Technically, one could argue that sequencing technique such as Chromium are multi-segment but their random locations don’t fit the SAM multi-segment model anyway so it’s a moot point.

I don't see why 0x800 (supplementary) requires the existance of an SA tag. The tags are useful, but optional. Tools can trivially just check for the tag existance and this is less work than running a new tool to strip out all reads with flag 0x800 and no SA tag so this doesn't gain us anything.

I enforced this as otherwise multiple secondary chimeric alignments could not be resolved unambiguously. This is somewhat of a symptom of the debate a few years back about whether alignments came in set of chimeric alignment records (the interpretation I used), or as nodes in an alignment graph. Happy to drop the requirement down to requiring SA tags on all or none for a given read.

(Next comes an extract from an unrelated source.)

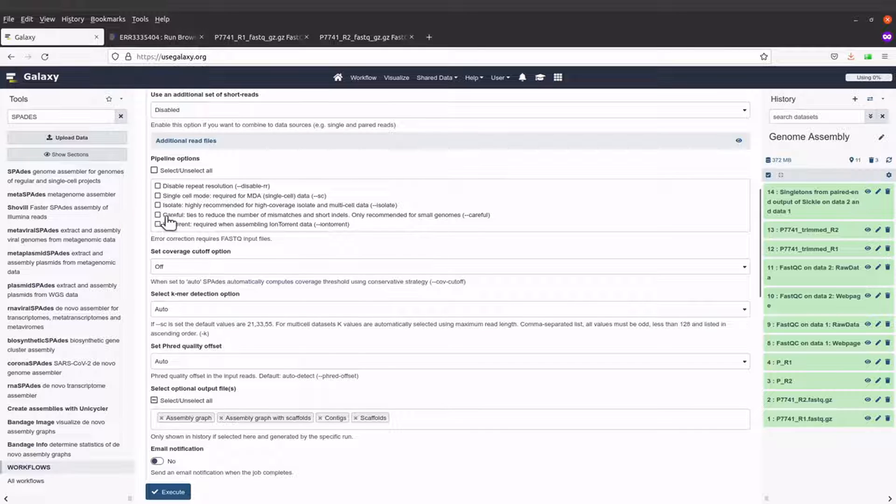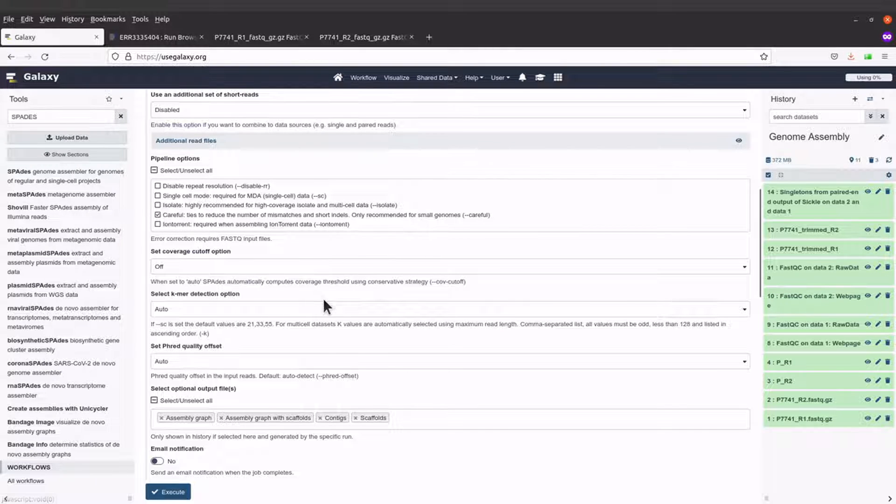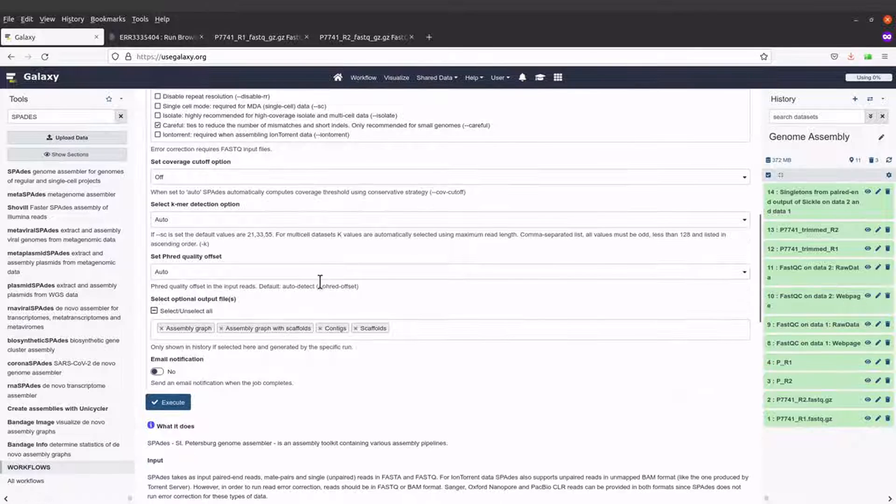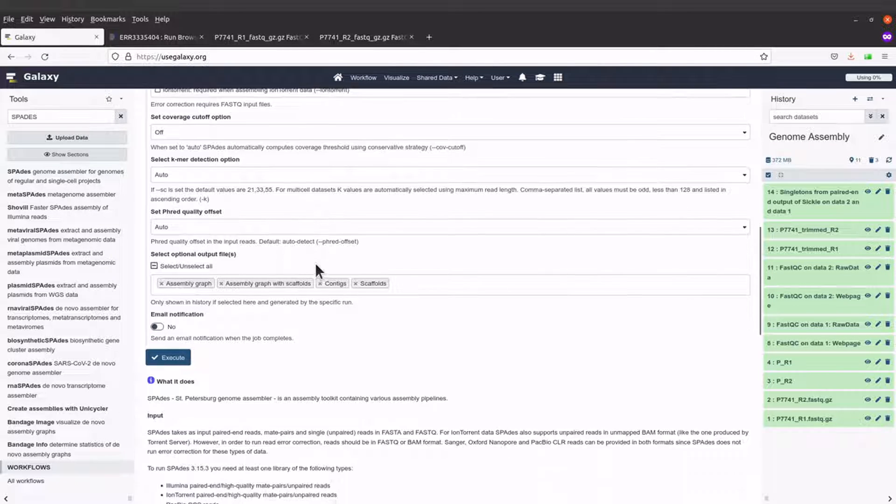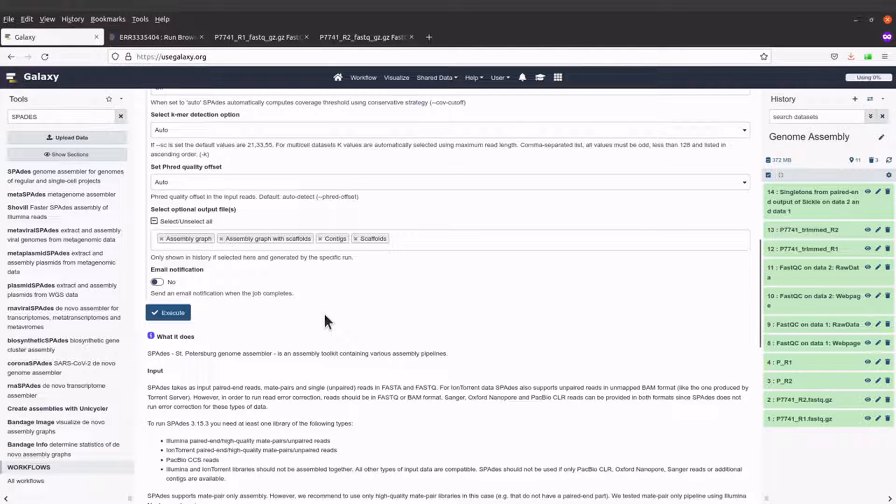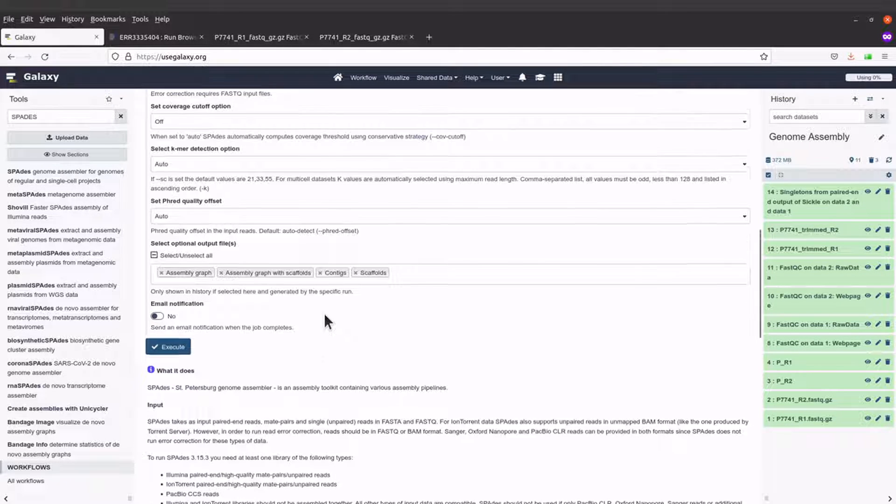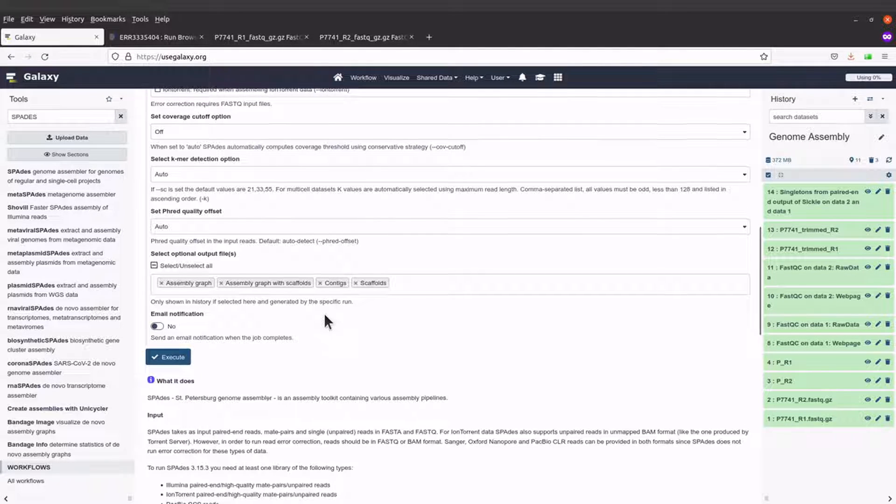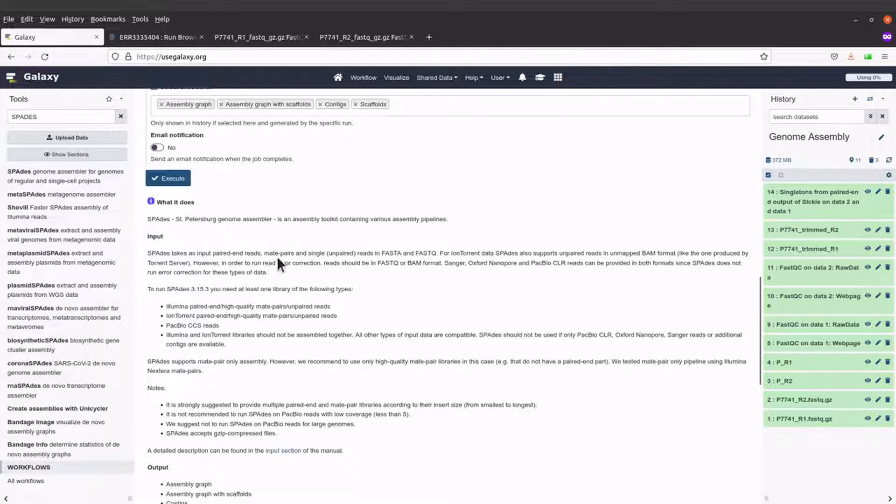So I'll use the careful flag here, and the others I will leave as they are. That's about it.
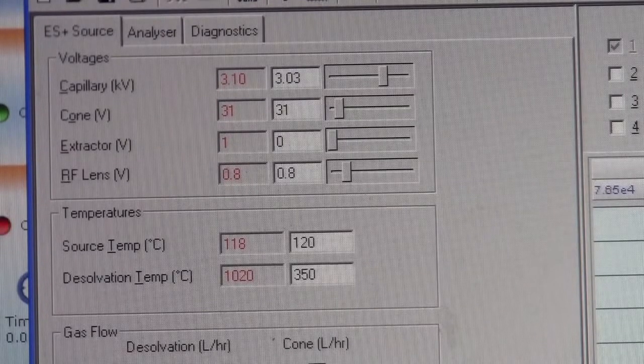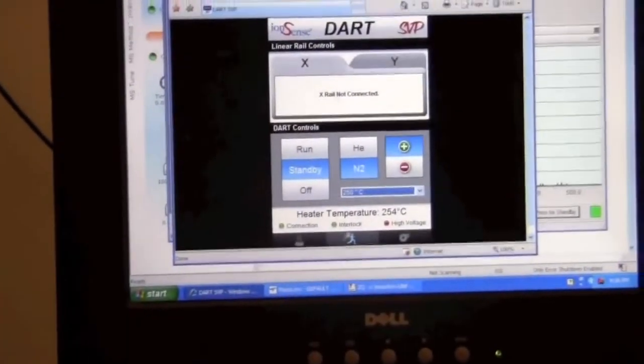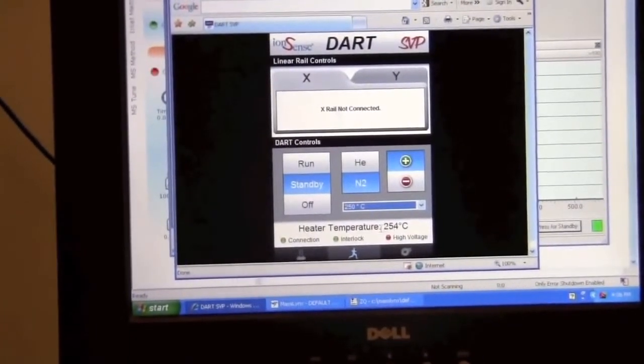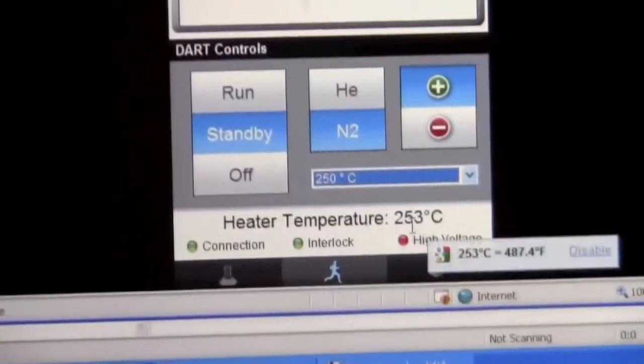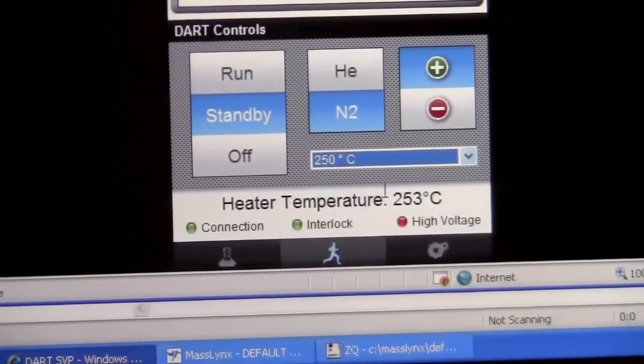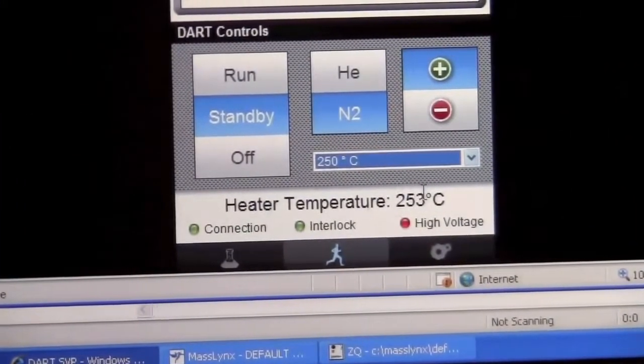Let's go back to the DART source and see how it's doing. So the temperature has now reached our target temperature of about 250 degrees Celsius.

"Each chimeric alignment must have a record with FLAG 0x800 not set" - this comes down to my argument before about complete vs incomplete data sets. If we do a range query to produce a new SAM, the above constraint can trivially be violated. Sub sets of SAM are still valid SAM and we should never treat them otherwise as this is an extremely common operation, not least for purposes of parallel processing. A validator when run on the entire data set can however be in a position to complain about such things.

Not true. SAM Section 1.4.2 point 1 states: “For each read/contig in a SAM file, it is required that one and only one line associated with the read satisfies ‘FLAG & 0x900 == 0’.” If you have any secondary or supplementary alignments, sub-setting your valid SAM will most likely result in a file which is not a valid SAM. This particular constraint is part of the SAM specs (and is marked as such), not an additional SAM strict check.

From a practical perspective, sub-setting is done all the time and we need to be able to deal with it. How does an overall SAM strict recommendation that these all validators should have the capability of performing validation only a specified a subset of genomic regions sound to you? Coordinates are required as I don’t want to allow arbitrary subsets as random downsampling that loses half your read pairing should be treated very differently to just validating the chr1 records.

d-cameron commented 6 years ago

I've made a PR to continue this as discussing particular rules is much easier with a diff in front of you.